** Work order **
Starting at the line below that contains "Silver Gold Leaf" and ending at the line that contains "GORGLITTER Women's Floral", retype each line exactly as it stands, but omit the pictures.

Record extracts: Begin

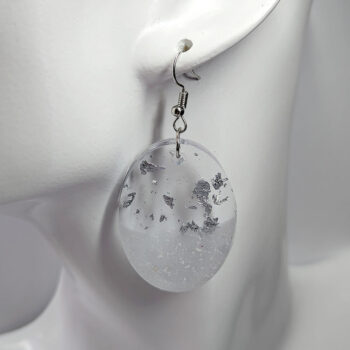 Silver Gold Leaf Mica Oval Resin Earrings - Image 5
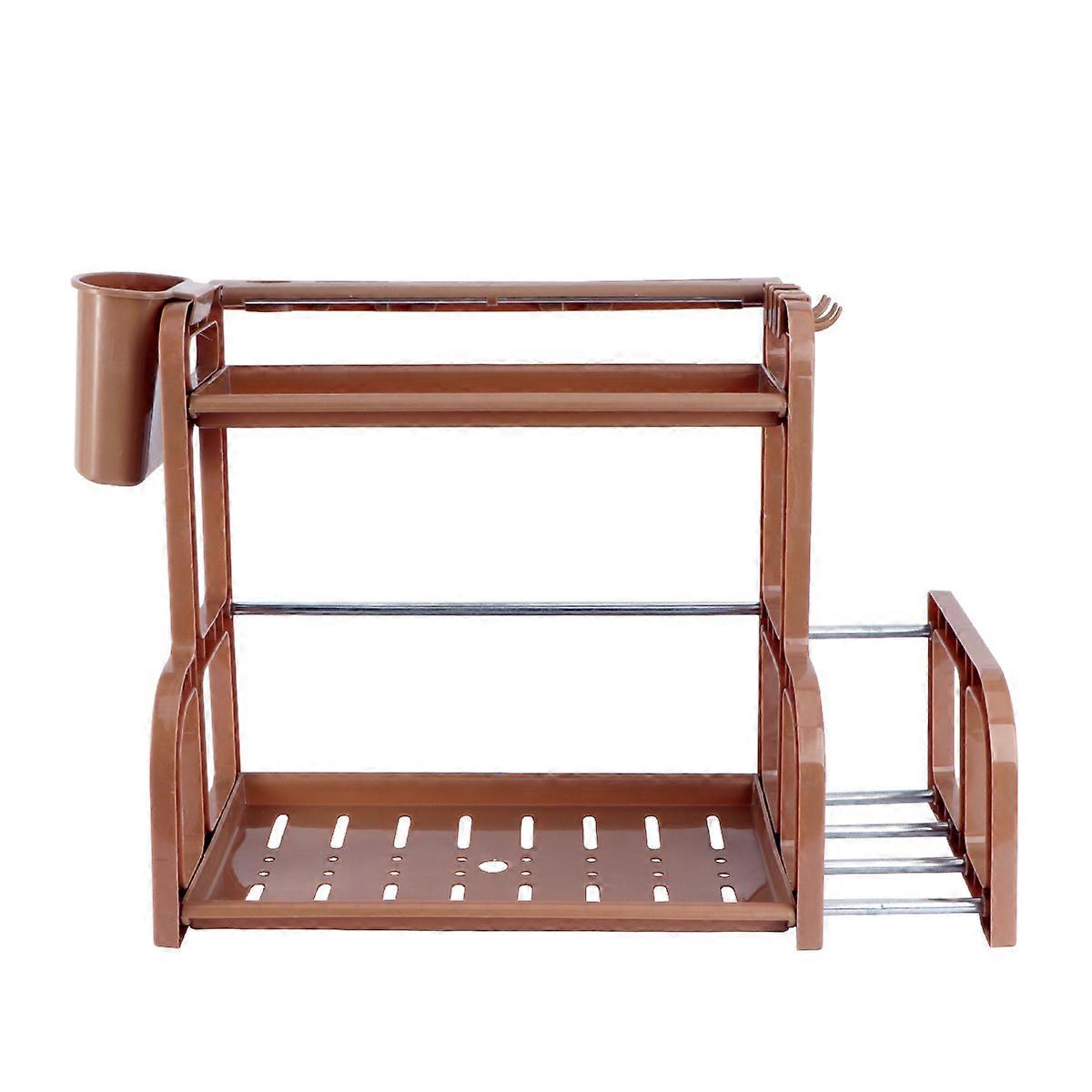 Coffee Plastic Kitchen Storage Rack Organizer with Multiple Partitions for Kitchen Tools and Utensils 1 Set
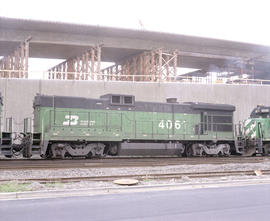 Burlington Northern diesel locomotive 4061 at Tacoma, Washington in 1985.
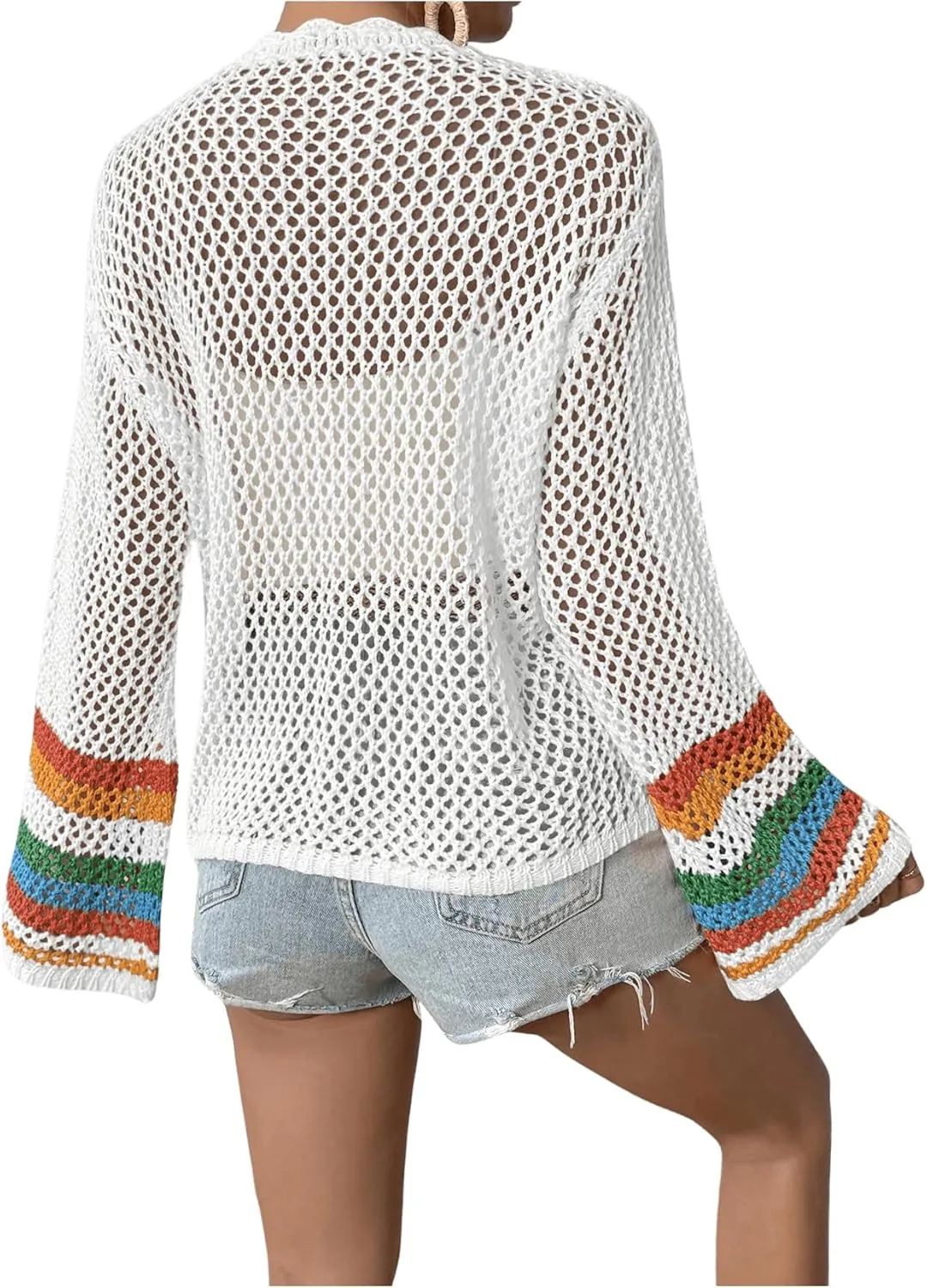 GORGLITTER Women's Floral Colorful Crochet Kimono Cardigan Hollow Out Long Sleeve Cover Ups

Record extracts: End
Record extracts: Begin

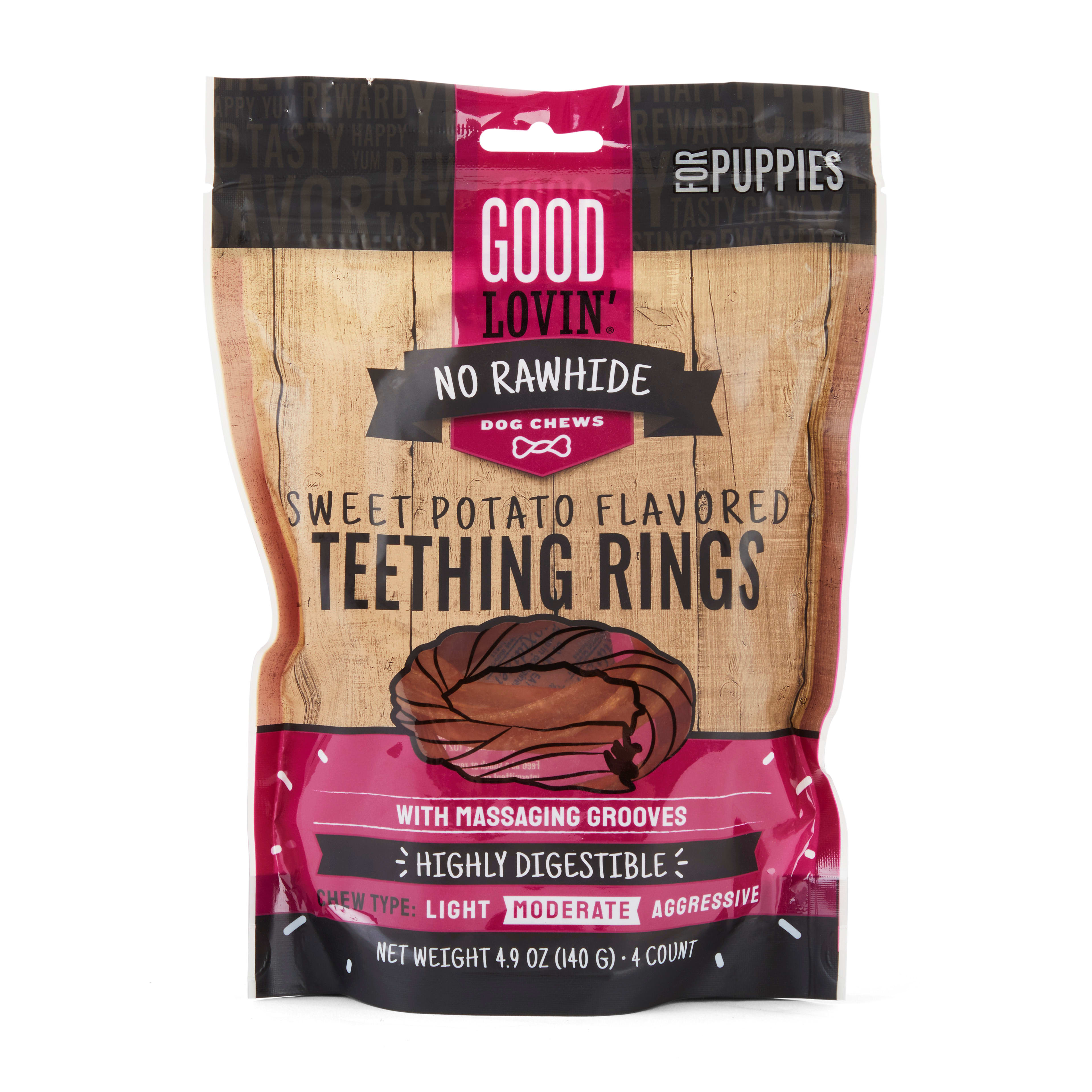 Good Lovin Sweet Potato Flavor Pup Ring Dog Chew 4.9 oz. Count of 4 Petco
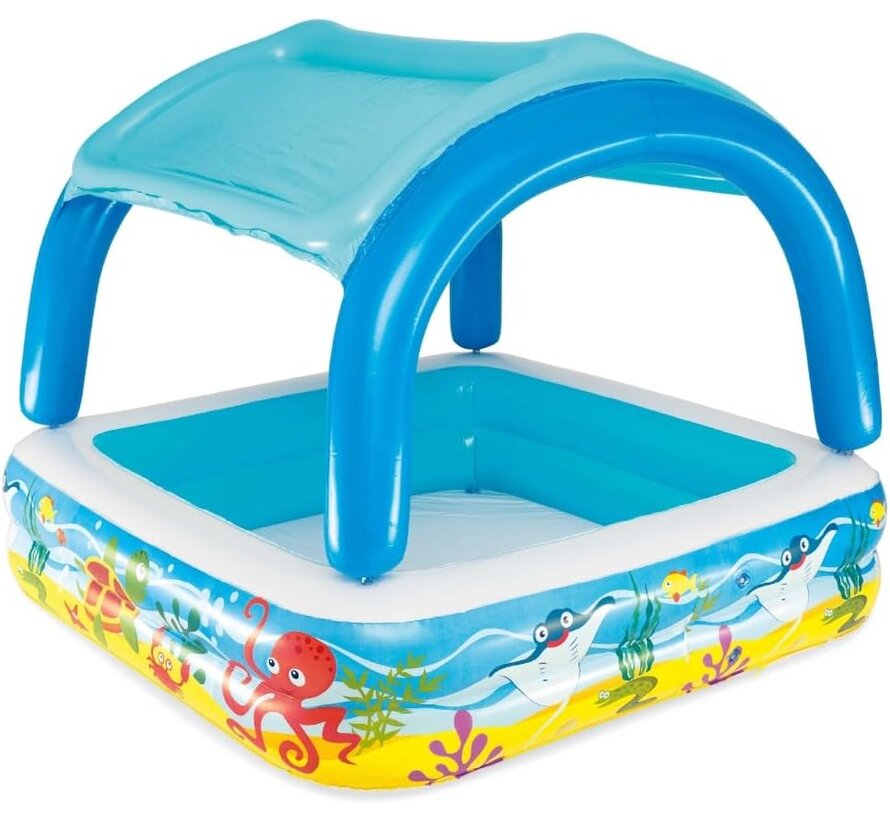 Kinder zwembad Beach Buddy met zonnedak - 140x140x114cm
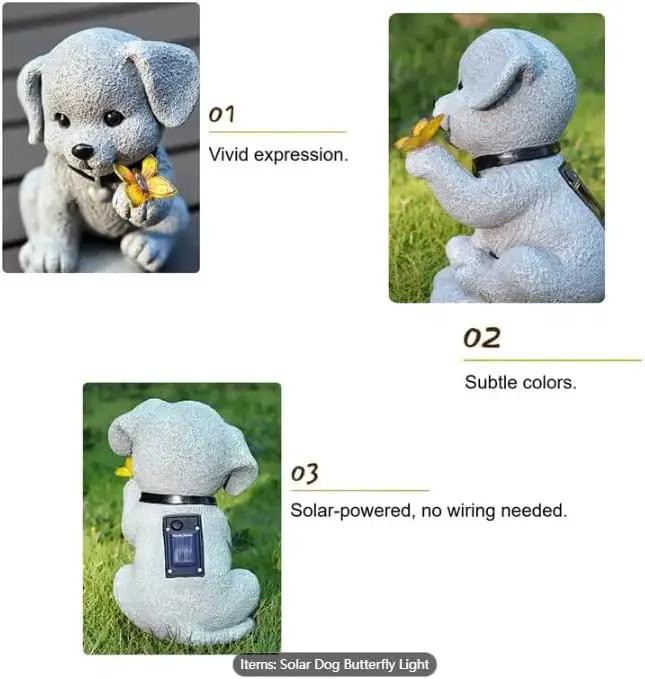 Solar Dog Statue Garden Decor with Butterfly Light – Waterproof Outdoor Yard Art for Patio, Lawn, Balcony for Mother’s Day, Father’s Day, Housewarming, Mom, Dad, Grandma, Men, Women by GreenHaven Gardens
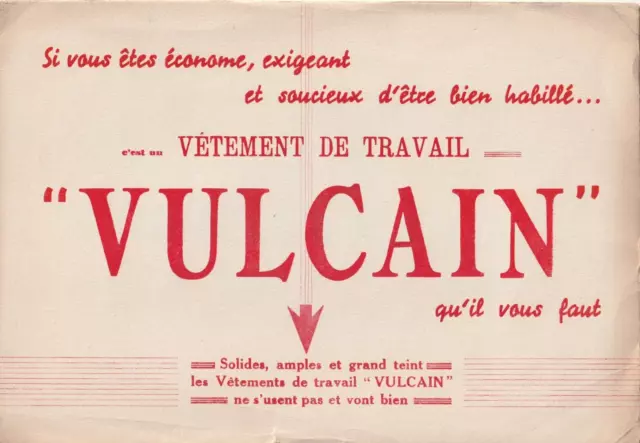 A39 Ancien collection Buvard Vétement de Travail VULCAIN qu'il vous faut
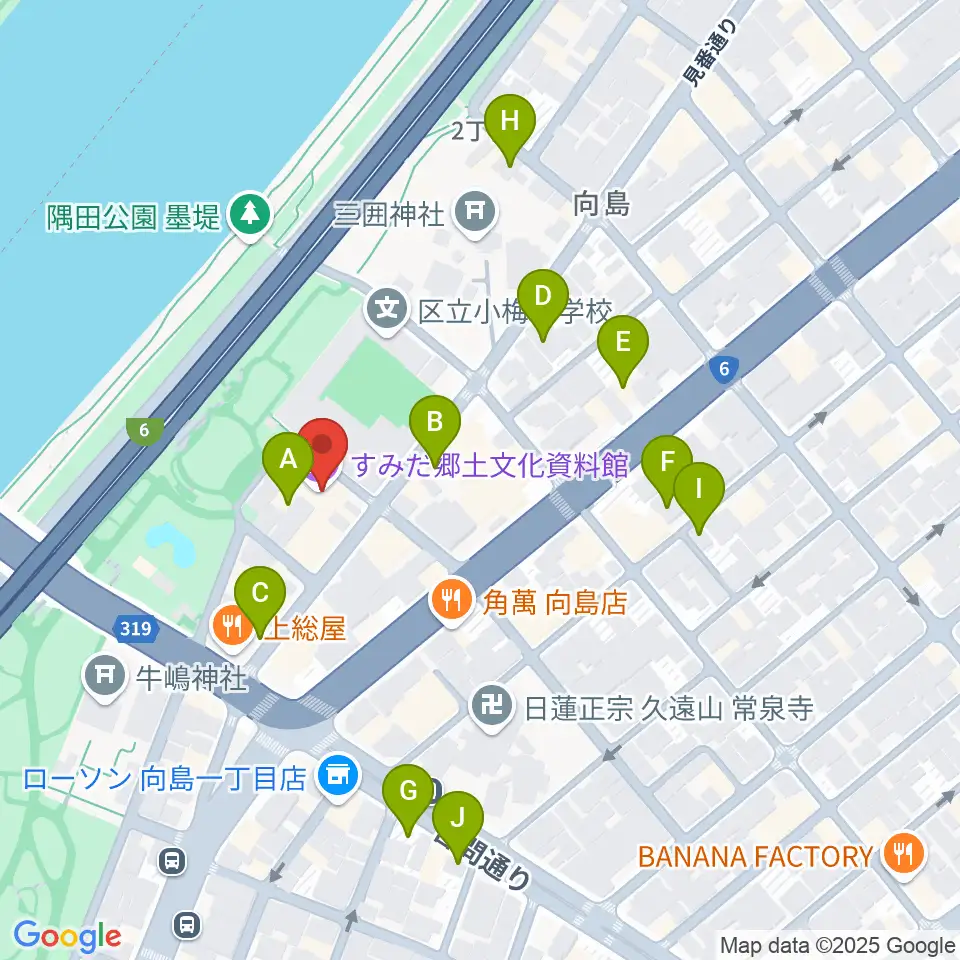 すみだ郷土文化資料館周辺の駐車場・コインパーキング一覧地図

Record extracts: End

** Answer to the problem **
 Silver Gold Leaf Mica Oval Resin Earrings - Image 5
 Coffee Plastic Kitchen Storage Rack Organizer with Multiple Partitions for Kitchen Tools and Utensils 1 Set
 Burlington Northern diesel locomotive 4061 at Tacoma, Washington in 1985.
 GORGLITTER Women's Floral Colorful Crochet Kimono Cardigan Hollow Out Long Sleeve Cover Ups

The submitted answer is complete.